» The task: Set down the final stretch of the data, from the line that holds "London, UK. 31st" through the last line, both included, with pictures left out.

****************************************

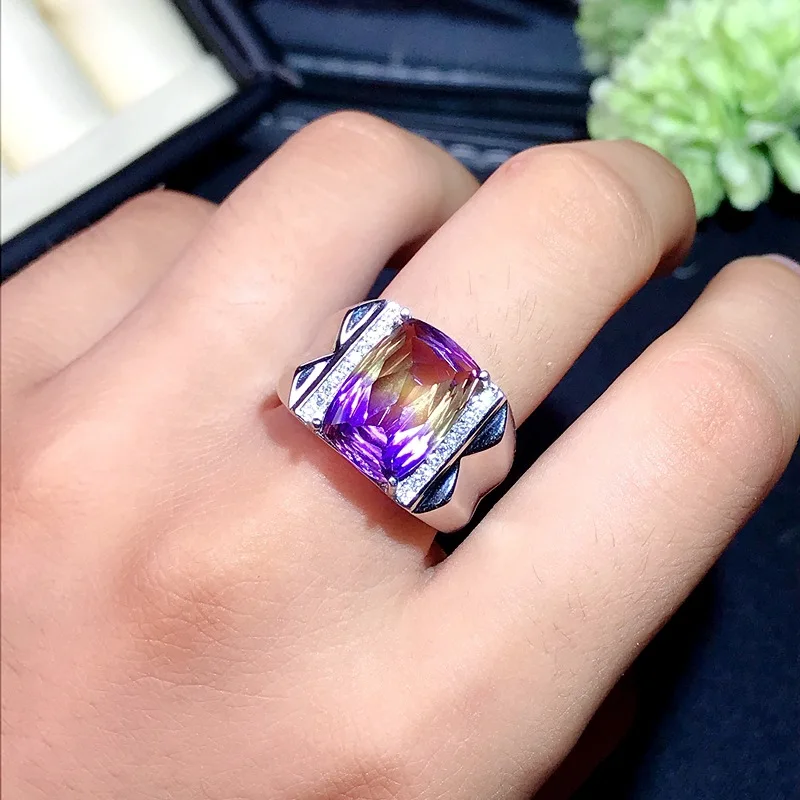 Фото Модные изменяемые мужские кольца SACE GEMS 10*14 мм из натурального аметрина, серебро 925 пробы, ювелирные изделия для свадьбы, вечеринки, праздничный подарок №3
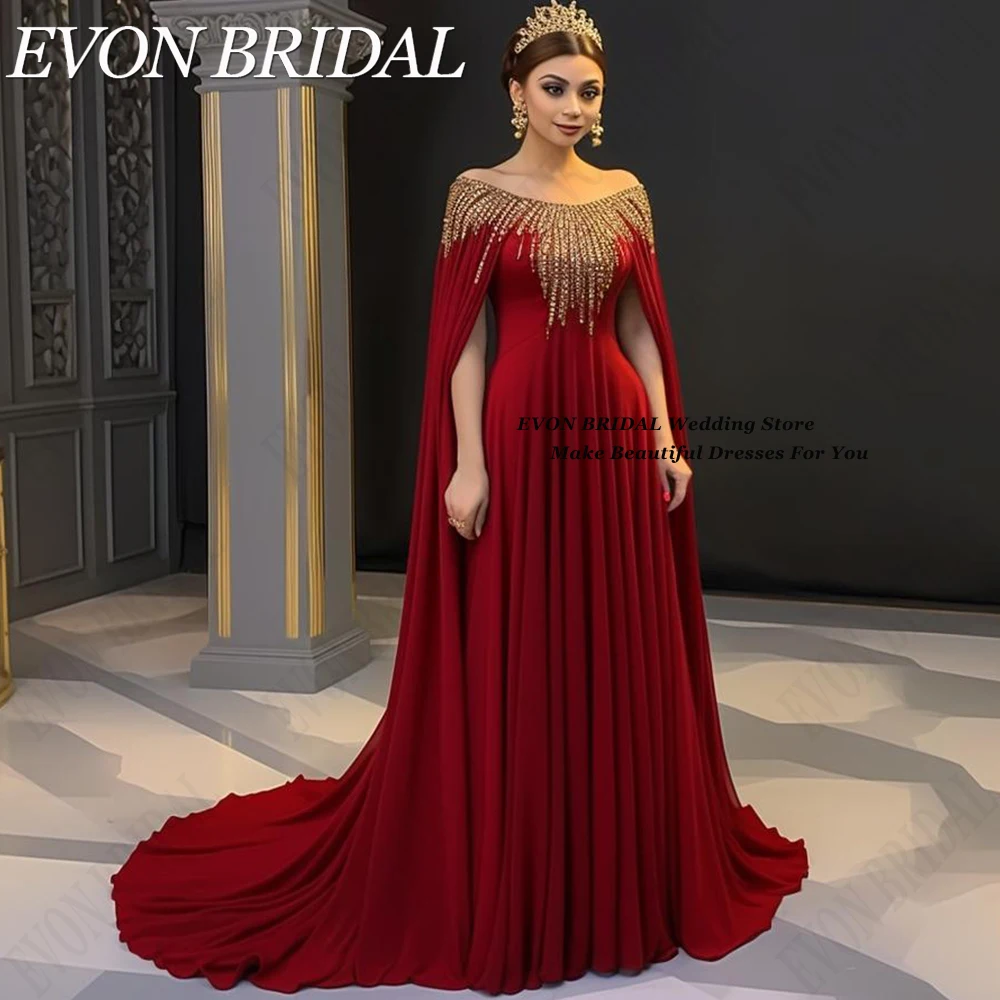 Top Trends: EVON BRIDAL Elegant Dubai Evening Gowns With Cap Sleeves 2024 Scoop Neck Chiffon Beading Formal Occasion Dresses فساتين سهرة Shoppable Styles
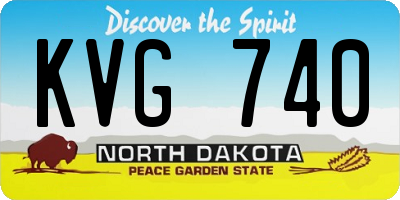 ND license plate KVG740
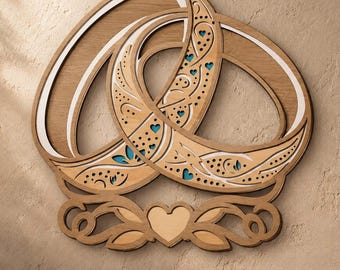 Wedding Rings multilayer SVG,Laser cut file,Paper cut,3D Layered design,Mandala plywood,CNC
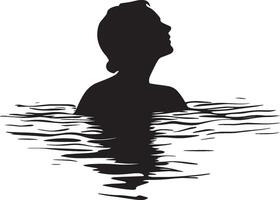 Elderly woman swimming gracefully, captured in a full-length silhouette in black . vector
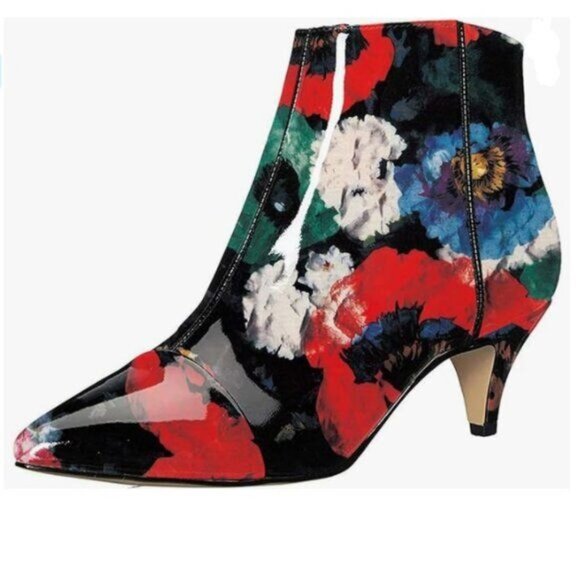 XYD Shoes - XYD Peony Kitten Heel Ankle Boots Pointed Toe Side Zippers Prom Party Dress Shoe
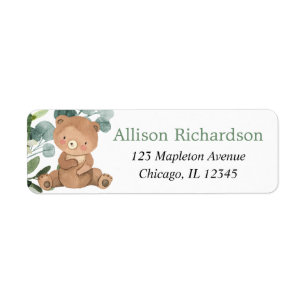 Teddy bear greenery green leaves label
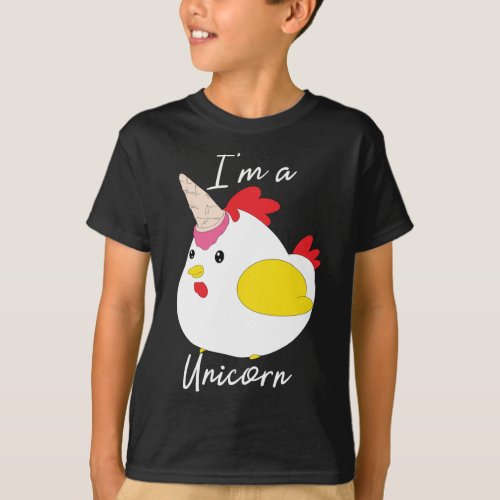 Im A Unicorn _ Chicken Ice Cream Cone T_Shirt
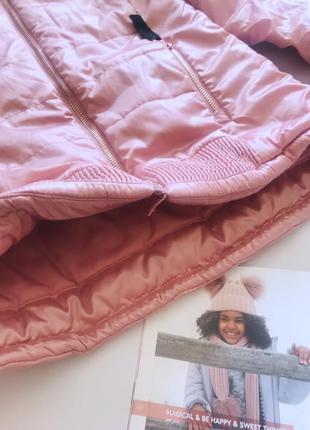 Стильная куртка пальто  - coccodrillo - нежный розовый с глянцем, мехом - зима, деми р152/15810 фото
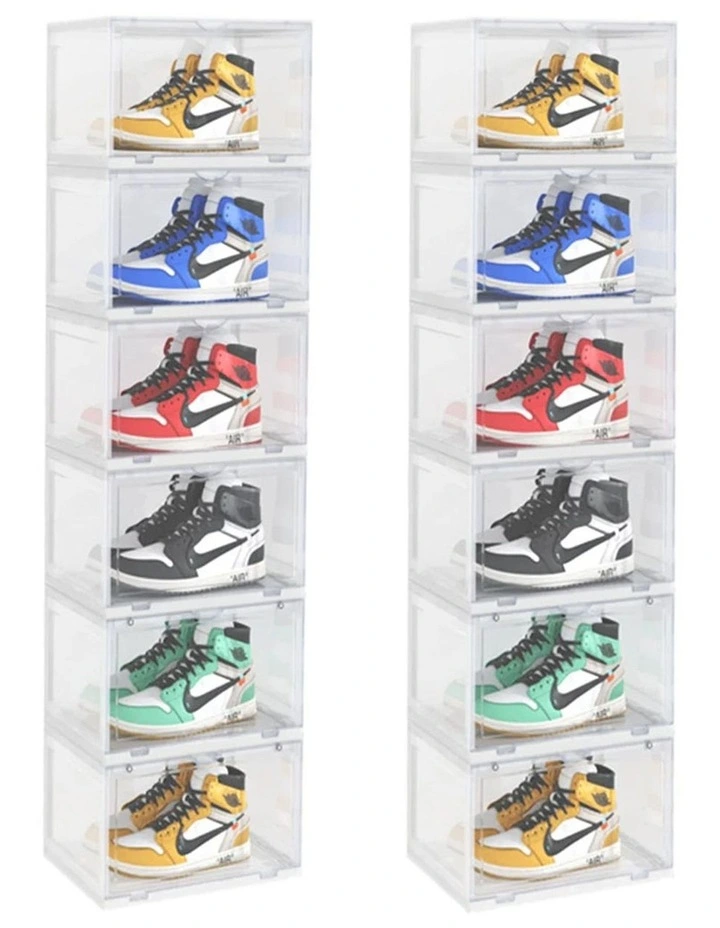 SOGA 2X 6 Tier Transparent Stackable Shoe Storage Box with Magnetic Door image 1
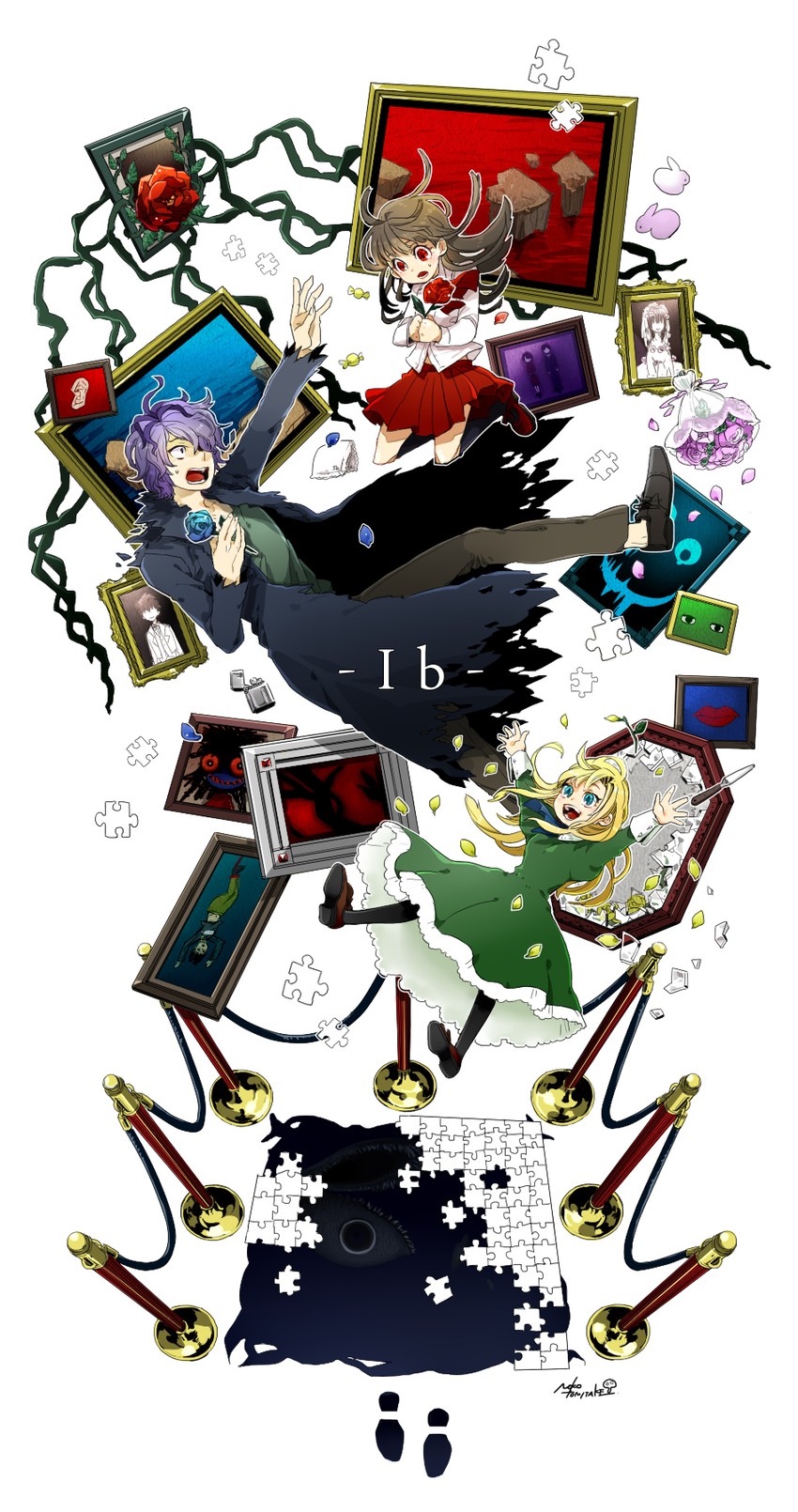 ib, mary, garry, and doll (ib) drawn by tomitake_noko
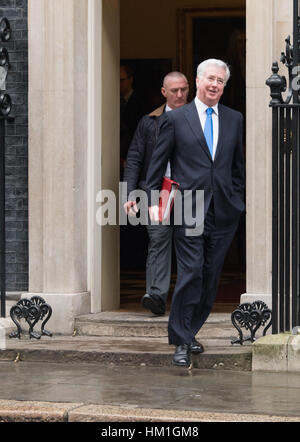 London, UK. 31st Jan, 2017. Sir Michael Fallon, leaves 10 Downing Street for the Brexit debate Credit: Ian Davidson/Alamy Live News Stock Photo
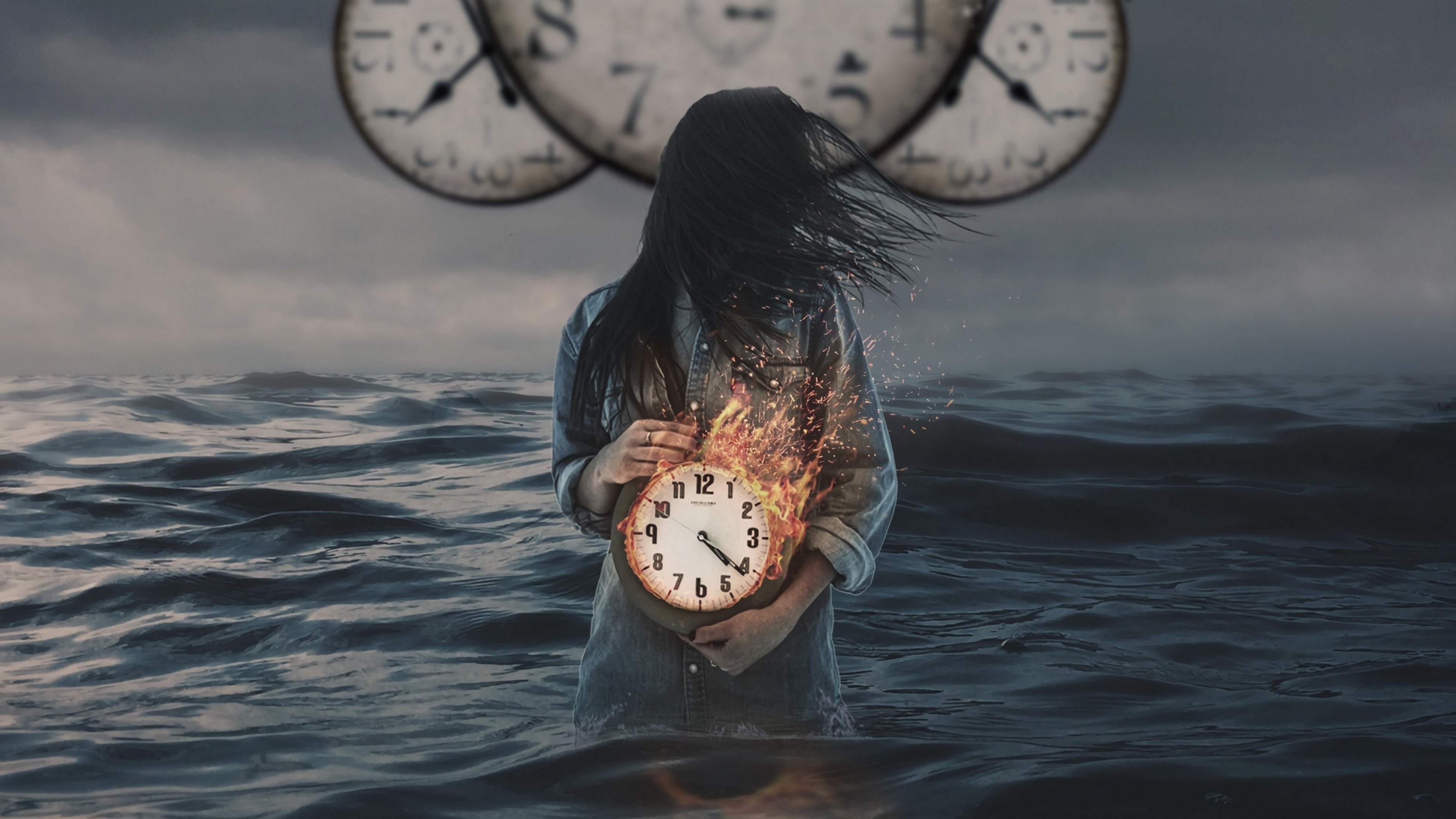 Girl with a clock inside the sea HD Wallpaper 4K Ultra HD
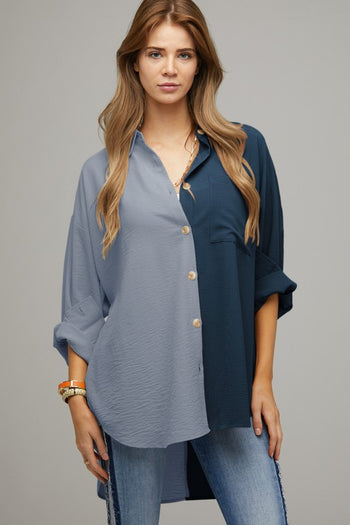 Color Block Button Down Shirt Davi & Dani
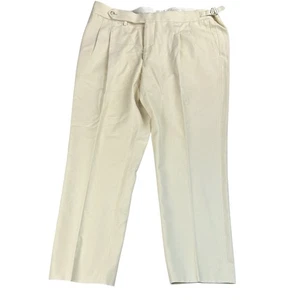 SUITSUPPLY BRADDON GRÖSSE VERSTELLBAR 36-40 X 28 OFF-WHITE BAUMWOLLE PLISSEE HOSE - Bild 1 von 24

****************************************

» Reply:
 London, UK. 31st Jan, 2017. Sir Michael Fallon, leaves 10 Downing Street for the Brexit debate Credit: Ian Davidson/Alamy Live News Stock Photo
 Girl with a clock inside the sea HD Wallpaper 4K Ultra HD
 Color Block Button Down Shirt Davi & Dani
 SUITSUPPLY BRADDON GRÖSSE VERSTELLBAR 36-40 X 28 OFF-WHITE BAUMWOLLE PLISSEE HOSE - Bild 1 von 24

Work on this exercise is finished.